To list the required offsite volumes run the following command.
restore volume VOL02 preview=yes
Where VOL02 is the name of the faulty tape.
You should get output similar to the following if the data on the faulty tape is stored on offsite storage.
06/11/2009 10:39:07 ANR1255W Files on volume VOL05 cannot be restored - access mode is "unavailable" or "offsite". (SESSION: 337242, PROCESS: 3116)
There may be more than one tape listed if the data is spread across more than one offsite tape.
Get these tapes back onsite from offsite storage. The data can then be restored and the faulty tape destroyed.
Whilst you are waiting for the tapes to be returned from offsite storage ensure the offsite tapes are set to unavailable as follows.
upd vol V0L05 access=unavailable
This will prevent the data changing on the offsite tapes due to reclaimation.
Also set the access status of the faulty volume to read only as follows.
upd vol VOL02 access=readonly
Restore
Once the tapes are back onsite and loaded into the hopper (bulk I/O) check them in as follows.
checkin libv libary_name search=bulk status=private checkl=barcode
Where library_name is the name of your library.
Then query the request as follows.
q req
Then reply to the request as follows.
reply request_id
Where request_id is the request ID displayed in the q req command.
As soon as the tapes are checked into the library, make them read only as follows.
upd vol vol_name access=readonly
Where vol_name is the name of the tape you are making read only.
We then need to start the restore as follows.
restore vol VOL02
Where VOL02 is the faulty tape.
This will cause TSM to restore from the secondary copy (the offsite tapes that have been checked in) and put the data onto other tapes already in the storage pool or scratch if extra tapes are required.
The access mode for the faulty tape (in this case VOL02) will get updated to destroyed.
Type q proc to see the restore processes running.
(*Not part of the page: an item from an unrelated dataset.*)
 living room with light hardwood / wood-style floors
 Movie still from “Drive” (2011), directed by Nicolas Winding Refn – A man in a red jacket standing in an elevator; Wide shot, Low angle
Once complete check the activity log for errors.
Look for an entry similar to the following.
24-12-2009 15:08:38 ANR0986I Process 9559 for RESTORE VOLUME running in the BACKGROUND processed 988889 items for a total of 397,375,066,708 bytes with a completion state of SUCCESS at 15:08:38. (SESSION: 870606, PROCESS: 9559) 24-12-2009 15:08:38 ANR1240I Restore of volumes in primary storage pool PRIMARY has ended. Files Restored: 988889, Bytes Restored: 397375066708, Unreadable Files: 0, Unreadable Bytes: 0. (SESSION: 870606)
If there are no errors and the restore completed successfully then the faulty tape VOL02 will be set to scratch and can be checked out and thrown away.
Return restore tapes
The offsite tapes can be sent back offsite again. Before they are moved offsite their access status needs to be set to offsite as follows.
upd vol vol_name access=offsite
The tapes then need to be checked out as follows.
checkout libv lib_name vol_name checkl=no where lib_name is the name of your library and vol_name is the name of the tape to go offsite.